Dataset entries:
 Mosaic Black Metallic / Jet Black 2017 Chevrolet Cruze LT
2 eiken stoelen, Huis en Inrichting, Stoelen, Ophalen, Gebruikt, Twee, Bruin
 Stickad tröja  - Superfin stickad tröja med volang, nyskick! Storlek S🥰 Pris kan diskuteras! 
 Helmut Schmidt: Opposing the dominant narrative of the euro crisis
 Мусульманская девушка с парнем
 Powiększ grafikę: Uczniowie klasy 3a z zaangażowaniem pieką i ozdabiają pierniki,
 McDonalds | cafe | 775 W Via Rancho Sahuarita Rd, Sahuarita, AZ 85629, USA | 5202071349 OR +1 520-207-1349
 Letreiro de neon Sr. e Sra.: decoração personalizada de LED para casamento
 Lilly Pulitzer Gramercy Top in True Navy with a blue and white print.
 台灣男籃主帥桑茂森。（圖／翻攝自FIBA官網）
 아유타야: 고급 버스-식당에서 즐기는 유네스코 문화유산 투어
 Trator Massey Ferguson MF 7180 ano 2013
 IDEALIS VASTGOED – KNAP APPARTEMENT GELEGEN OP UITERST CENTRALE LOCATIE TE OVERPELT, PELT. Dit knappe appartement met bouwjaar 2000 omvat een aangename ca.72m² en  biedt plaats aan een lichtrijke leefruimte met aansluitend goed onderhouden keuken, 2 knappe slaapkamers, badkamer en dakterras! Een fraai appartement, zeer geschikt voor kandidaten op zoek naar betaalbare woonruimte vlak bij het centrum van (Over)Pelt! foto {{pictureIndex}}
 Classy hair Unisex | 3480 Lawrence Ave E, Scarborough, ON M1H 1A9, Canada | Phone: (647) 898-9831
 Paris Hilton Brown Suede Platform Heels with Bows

Work to be completed >>
Transcribe the data above completely and exactly.

Result below >>
 Mosaic Black Metallic / Jet Black 2017 Chevrolet Cruze LT
2 eiken stoelen, Huis en Inrichting, Stoelen, Ophalen, Gebruikt, Twee, Bruin
 Stickad tröja  - Superfin stickad tröja med volang, nyskick! Storlek S🥰 Pris kan diskuteras! 
 Helmut Schmidt: Opposing the dominant narrative of the euro crisis
 Мусульманская девушка с парнем
 Powiększ grafikę: Uczniowie klasy 3a z zaangażowaniem pieką i ozdabiają pierniki,
 McDonalds | cafe | 775 W Via Rancho Sahuarita Rd, Sahuarita, AZ 85629, USA | 5202071349 OR +1 520-207-1349
 Letreiro de neon Sr. e Sra.: decoração personalizada de LED para casamento
 Lilly Pulitzer Gramercy Top in True Navy with a blue and white print.
 台灣男籃主帥桑茂森。（圖／翻攝自FIBA官網）
 아유타야: 고급 버스-식당에서 즐기는 유네스코 문화유산 투어
 Trator Massey Ferguson MF 7180 ano 2013
 IDEALIS VASTGOED – KNAP APPARTEMENT GELEGEN OP UITERST CENTRALE LOCATIE TE OVERPELT, PELT. Dit knappe appartement met bouwjaar 2000 omvat een aangename ca.72m² en  biedt plaats aan een lichtrijke leefruimte met aansluitend goed onderhouden keuken, 2 knappe slaapkamers, badkamer en dakterras! Een fraai appartement, zeer geschikt voor kandidaten op zoek naar betaalbare woonruimte vlak bij het centrum van (Over)Pelt! foto {{pictureIndex}}
 Classy hair Unisex | 3480 Lawrence Ave E, Scarborough, ON M1H 1A9, Canada | Phone: (647) 898-9831
 Paris Hilton Brown Suede Platform Heels with Bows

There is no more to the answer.